### Task statement
Exactly as written, output each of the entries below.

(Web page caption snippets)
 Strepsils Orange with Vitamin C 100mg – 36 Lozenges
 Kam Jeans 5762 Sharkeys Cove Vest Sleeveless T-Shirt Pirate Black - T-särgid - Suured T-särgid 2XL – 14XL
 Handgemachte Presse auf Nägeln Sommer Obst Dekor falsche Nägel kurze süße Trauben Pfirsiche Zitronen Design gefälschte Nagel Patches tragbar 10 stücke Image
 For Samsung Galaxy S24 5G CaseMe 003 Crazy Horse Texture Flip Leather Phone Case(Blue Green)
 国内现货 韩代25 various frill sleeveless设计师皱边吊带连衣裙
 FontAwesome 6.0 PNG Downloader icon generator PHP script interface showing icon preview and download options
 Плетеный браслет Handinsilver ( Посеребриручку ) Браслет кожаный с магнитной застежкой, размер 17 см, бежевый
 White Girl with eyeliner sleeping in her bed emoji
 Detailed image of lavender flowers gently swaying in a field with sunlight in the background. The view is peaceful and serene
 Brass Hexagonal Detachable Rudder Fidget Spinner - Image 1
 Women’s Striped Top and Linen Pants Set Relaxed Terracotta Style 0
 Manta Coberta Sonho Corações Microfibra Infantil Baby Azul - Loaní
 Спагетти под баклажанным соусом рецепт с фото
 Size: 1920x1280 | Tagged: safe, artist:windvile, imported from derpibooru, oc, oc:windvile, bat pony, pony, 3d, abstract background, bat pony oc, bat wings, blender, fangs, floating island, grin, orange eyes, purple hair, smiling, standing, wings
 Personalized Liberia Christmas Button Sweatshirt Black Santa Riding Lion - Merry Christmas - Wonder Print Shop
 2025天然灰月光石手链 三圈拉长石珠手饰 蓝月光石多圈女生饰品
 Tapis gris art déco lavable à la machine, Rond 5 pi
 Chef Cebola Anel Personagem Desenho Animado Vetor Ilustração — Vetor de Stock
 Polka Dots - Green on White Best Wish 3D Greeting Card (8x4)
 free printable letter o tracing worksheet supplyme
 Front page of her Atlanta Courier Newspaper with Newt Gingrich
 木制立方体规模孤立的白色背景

### Solution for this exercise
 Strepsils Orange with Vitamin C 100mg – 36 Lozenges
 Kam Jeans 5762 Sharkeys Cove Vest Sleeveless T-Shirt Pirate Black - T-särgid - Suured T-särgid 2XL – 14XL
 Handgemachte Presse auf Nägeln Sommer Obst Dekor falsche Nägel kurze süße Trauben Pfirsiche Zitronen Design gefälschte Nagel Patches tragbar 10 stücke Image
 For Samsung Galaxy S24 5G CaseMe 003 Crazy Horse Texture Flip Leather Phone Case(Blue Green)
 国内现货 韩代25 various frill sleeveless设计师皱边吊带连衣裙
 FontAwesome 6.0 PNG Downloader icon generator PHP script interface showing icon preview and download options
 Плетеный браслет Handinsilver ( Посеребриручку ) Браслет кожаный с магнитной застежкой, размер 17 см, бежевый
 White Girl with eyeliner sleeping in her bed emoji
 Detailed image of lavender flowers gently swaying in a field with sunlight in the background. The view is peaceful and serene
 Brass Hexagonal Detachable Rudder Fidget Spinner - Image 1
 Women’s Striped Top and Linen Pants Set Relaxed Terracotta Style 0
 Manta Coberta Sonho Corações Microfibra Infantil Baby Azul - Loaní
 Спагетти под баклажанным соусом рецепт с фото
 Size: 1920x1280 | Tagged: safe, artist:windvile, imported from derpibooru, oc, oc:windvile, bat pony, pony, 3d, abstract background, bat pony oc, bat wings, blender, fangs, floating island, grin, orange eyes, purple hair, smiling, standing, wings
 Personalized Liberia Christmas Button Sweatshirt Black Santa Riding Lion - Merry Christmas - Wonder Print Shop
 2025天然灰月光石手链 三圈拉长石珠手饰 蓝月光石多圈女生饰品
 Tapis gris art déco lavable à la machine, Rond 5 pi
 Chef Cebola Anel Personagem Desenho Animado Vetor Ilustração — Vetor de Stock
 Polka Dots - Green on White Best Wish 3D Greeting Card (8x4)
 free printable letter o tracing worksheet supplyme
 Front page of her Atlanta Courier Newspaper with Newt Gingrich
 木制立方体规模孤立的白色背景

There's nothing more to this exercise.